ABOUT THIS EXERCISE: Return the listing below exactly, with the pictures dropped.

** Opening RECORDED DATA block **

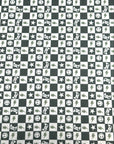 (FRENCH TERRY) DARK GREEN GAMER AND HAPPY FACES CHECKERED PRINT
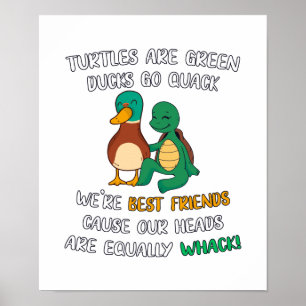 Turtles Grönt Ankor Quack Poster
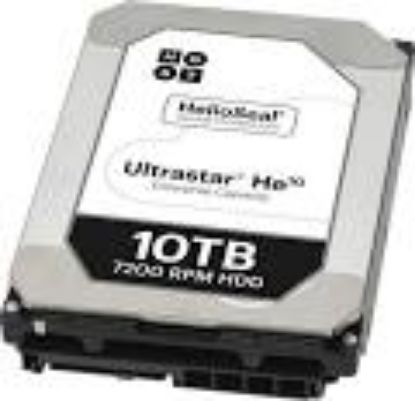 Picture of HUH721010ALE600 Western Digital Ultrastar HE10 10TB 7.2K RPM SATA-6GBPS 256MB Buffer 512E ISE 3.5inch Helium Platform Enterprise Hard Drive. New Bulk Pack.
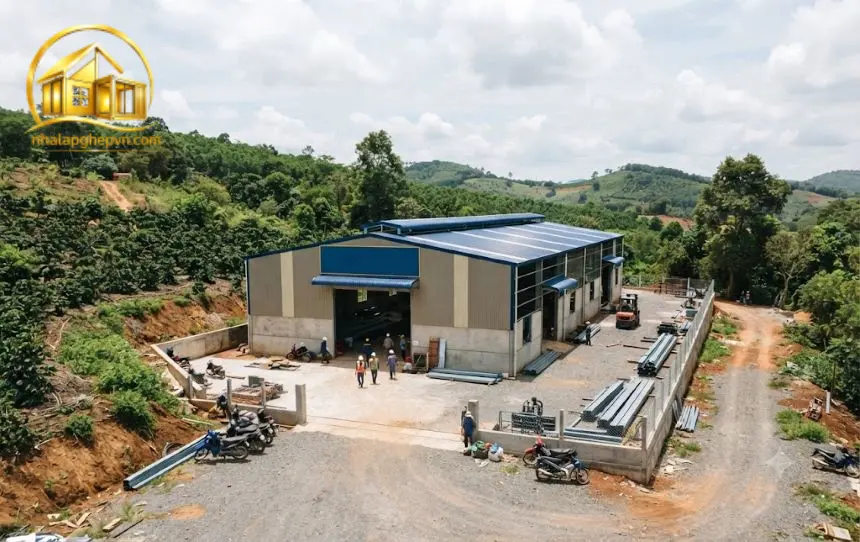 Thiết Kế Thi Công Nhà Tiền Chế Nhà Xưởng Tại Đắk Nông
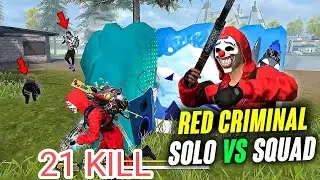 21 KILL DUO VS SQUAD BR RANK WITH RED CRIMINAL BUNDLE IN NEXTERA MAP|UNSTOPPABLE GAME PLAY #freefire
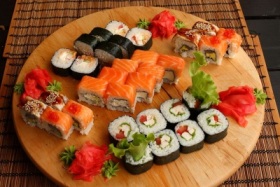 Контент план доставки суши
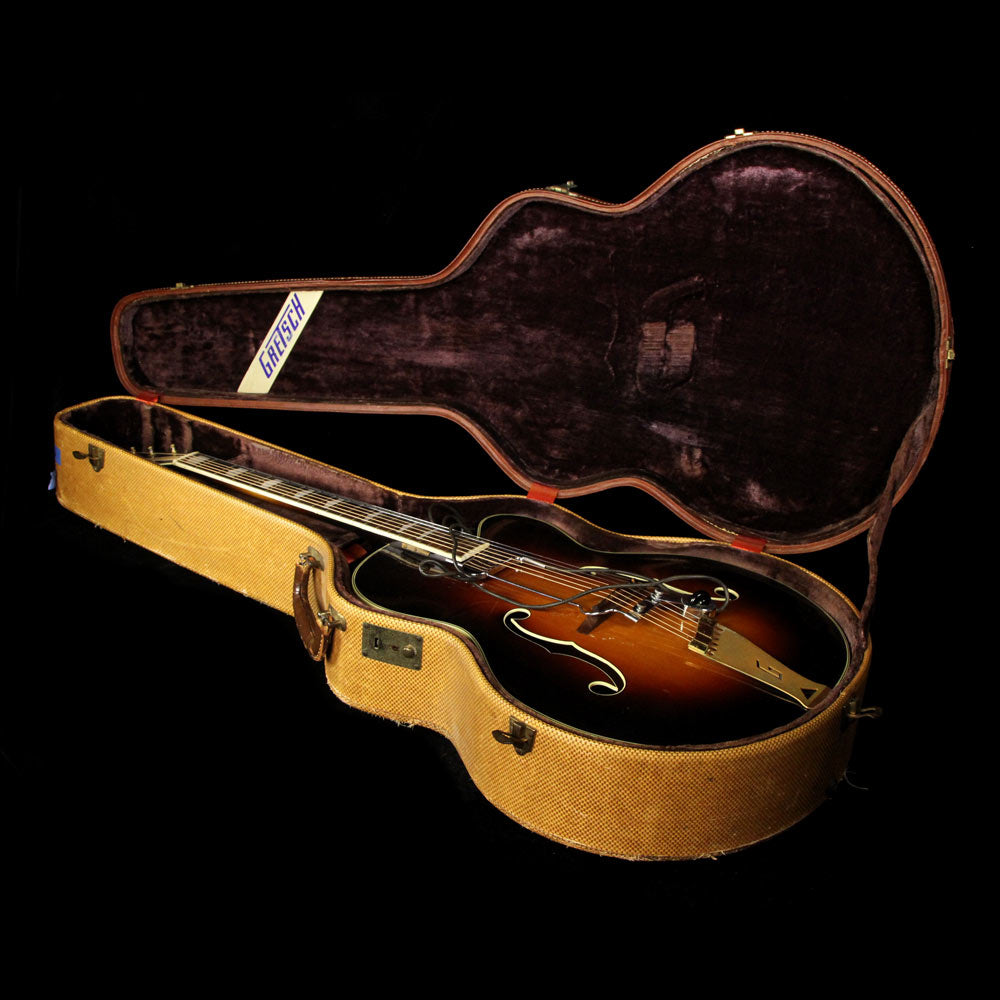 Used 1955 Gretsch 6030 Constellation Archtop Electric Guitar Sunburst — 7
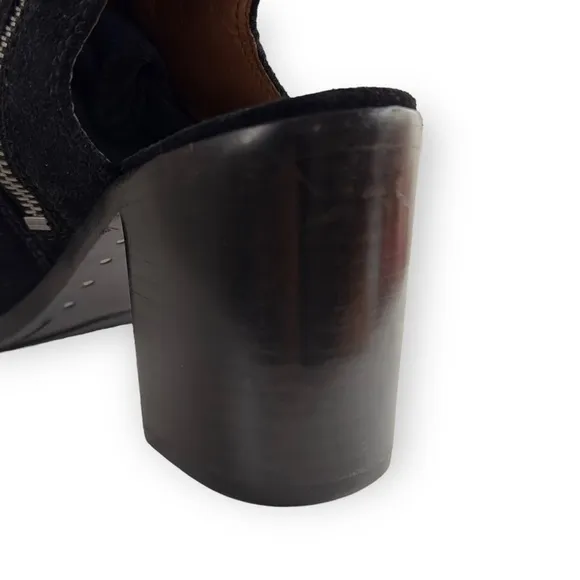 Frye Danica Suede Harness Ankle Boots Black Size 7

** Closing RECORDED DATA block **

SOLVED PROBLEM:
 (FRENCH TERRY) DARK GREEN GAMER AND HAPPY FACES CHECKERED PRINT
 Turtles Grönt Ankor Quack Poster
 Picture of HUH721010ALE600 Western Digital Ultrastar HE10 10TB 7.2K RPM SATA-6GBPS 256MB Buffer 512E ISE 3.5inch Helium Platform Enterprise Hard Drive. New Bulk Pack.
 Thiết Kế Thi Công Nhà Tiền Chế Nhà Xưởng Tại Đắk Nông
 21 KILL DUO VS SQUAD BR RANK WITH RED CRIMINAL BUNDLE IN NEXTERA MAP|UNSTOPPABLE GAME PLAY #freefire
 Контент план доставки суши
 Used 1955 Gretsch 6030 Constellation Archtop Electric Guitar Sunburst — 7
 Frye Danica Suede Harness Ankle Boots Black Size 7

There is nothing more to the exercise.